From a potential therapeutic perspective, two of the Pan-Gyn clusters (C1 and C5) in (xv) showed high levels of hormone receptors (ER, PR, and/or AR), suggesting possible responsiveness to hormone therapy. C3 showed high levels of immune markers, warranting further exploration for possible value in selecting patients for immunotherapy. C2 included hyper-mutators and ultramutators, which have been associated with relatively good survival on conventional therapy. A subset of C4 showed ERBB2 amplification, suggesting possible responsiveness to HER2-targeted therapy. ERBB2 mutation and amplification were mutually exclusive, but both sets of tumors might benefit from HER2-targeted therapy.

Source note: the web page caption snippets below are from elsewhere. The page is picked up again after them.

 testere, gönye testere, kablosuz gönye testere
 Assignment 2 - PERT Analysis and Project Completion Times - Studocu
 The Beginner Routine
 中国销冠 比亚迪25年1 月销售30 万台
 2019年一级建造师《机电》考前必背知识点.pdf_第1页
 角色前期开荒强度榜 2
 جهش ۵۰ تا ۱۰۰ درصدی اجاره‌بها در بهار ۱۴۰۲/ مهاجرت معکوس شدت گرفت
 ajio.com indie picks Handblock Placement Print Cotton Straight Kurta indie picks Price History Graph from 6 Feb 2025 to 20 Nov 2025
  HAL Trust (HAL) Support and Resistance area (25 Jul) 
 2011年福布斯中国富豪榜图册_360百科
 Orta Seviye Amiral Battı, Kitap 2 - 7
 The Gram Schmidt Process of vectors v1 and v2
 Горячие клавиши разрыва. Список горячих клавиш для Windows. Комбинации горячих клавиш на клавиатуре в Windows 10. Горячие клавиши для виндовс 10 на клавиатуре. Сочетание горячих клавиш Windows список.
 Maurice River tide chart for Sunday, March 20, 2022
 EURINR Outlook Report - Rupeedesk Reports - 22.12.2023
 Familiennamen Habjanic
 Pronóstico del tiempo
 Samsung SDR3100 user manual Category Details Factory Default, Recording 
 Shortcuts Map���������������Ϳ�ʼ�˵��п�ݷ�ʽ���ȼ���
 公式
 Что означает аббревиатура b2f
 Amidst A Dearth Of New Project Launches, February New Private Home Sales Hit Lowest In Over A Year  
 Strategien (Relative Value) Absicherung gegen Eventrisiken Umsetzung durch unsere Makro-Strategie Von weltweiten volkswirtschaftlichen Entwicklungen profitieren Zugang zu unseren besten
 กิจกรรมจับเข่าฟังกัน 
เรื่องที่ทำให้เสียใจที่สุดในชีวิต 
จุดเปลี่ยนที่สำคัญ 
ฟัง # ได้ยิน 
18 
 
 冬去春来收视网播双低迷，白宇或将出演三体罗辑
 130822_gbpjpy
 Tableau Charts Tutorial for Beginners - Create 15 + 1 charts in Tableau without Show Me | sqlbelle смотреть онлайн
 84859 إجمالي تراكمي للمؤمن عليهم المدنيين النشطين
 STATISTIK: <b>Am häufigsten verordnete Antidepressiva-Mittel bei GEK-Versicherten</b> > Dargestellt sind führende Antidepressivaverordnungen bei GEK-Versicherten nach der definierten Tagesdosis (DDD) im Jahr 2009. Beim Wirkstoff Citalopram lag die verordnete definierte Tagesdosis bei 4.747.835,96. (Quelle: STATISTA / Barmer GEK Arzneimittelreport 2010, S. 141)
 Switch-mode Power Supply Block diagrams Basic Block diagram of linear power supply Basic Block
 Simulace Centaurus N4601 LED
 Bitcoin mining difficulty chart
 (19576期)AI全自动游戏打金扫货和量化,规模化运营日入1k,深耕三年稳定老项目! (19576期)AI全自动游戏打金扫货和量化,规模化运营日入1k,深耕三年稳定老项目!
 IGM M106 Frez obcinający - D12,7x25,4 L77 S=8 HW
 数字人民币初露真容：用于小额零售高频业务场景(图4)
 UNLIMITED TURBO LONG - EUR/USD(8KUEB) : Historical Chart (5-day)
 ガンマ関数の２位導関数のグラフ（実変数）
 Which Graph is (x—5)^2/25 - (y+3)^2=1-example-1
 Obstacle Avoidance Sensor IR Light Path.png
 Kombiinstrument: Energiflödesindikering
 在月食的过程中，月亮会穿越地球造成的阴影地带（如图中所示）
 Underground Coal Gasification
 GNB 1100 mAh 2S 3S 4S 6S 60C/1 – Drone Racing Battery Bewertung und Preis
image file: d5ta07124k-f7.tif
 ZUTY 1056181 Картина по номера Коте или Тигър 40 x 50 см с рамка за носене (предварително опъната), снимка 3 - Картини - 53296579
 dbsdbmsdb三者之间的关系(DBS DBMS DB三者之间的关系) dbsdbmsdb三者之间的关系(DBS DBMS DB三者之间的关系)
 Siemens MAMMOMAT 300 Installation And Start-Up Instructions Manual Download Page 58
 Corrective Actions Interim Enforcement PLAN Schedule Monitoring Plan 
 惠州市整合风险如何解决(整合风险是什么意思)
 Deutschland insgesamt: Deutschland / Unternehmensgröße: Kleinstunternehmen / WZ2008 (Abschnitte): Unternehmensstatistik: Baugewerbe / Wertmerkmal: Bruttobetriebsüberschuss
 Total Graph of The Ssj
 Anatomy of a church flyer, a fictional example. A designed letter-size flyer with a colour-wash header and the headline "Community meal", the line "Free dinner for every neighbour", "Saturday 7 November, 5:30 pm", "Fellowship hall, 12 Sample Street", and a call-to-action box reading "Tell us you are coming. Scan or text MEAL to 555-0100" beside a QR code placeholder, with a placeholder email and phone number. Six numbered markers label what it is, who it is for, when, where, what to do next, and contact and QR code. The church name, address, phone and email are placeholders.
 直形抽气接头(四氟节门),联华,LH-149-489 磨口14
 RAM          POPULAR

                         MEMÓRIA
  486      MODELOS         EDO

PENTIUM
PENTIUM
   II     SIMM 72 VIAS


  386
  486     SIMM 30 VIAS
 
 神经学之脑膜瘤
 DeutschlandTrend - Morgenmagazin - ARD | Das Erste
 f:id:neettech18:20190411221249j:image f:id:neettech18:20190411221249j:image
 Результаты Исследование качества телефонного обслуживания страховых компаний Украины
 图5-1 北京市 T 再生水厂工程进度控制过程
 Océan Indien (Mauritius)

The decision tree we propose could potentially enable clinicians to classify patients more easily into one of the five Pan-Gyn subtypes. The tree is based on six features, three of which (ER, PR, and AR status) are already routinely used in the clinic. Widely available CLIA-certified gene-panel assays can estimate SCNA and mutation loads, and immune infiltration can be assessed by standard immunohistochemistry or new imaging technologies. Therefore, after further study and validation, our decision tree might be able to aid in assignment of patients to treatment groups. It should be understood, however, that all of the clinically interesting possibilities illuminated by a project like Pan-Gyn should be considered as hypothesis-generators, yielding clues to be tested and, if possible, validated in follow-up studies.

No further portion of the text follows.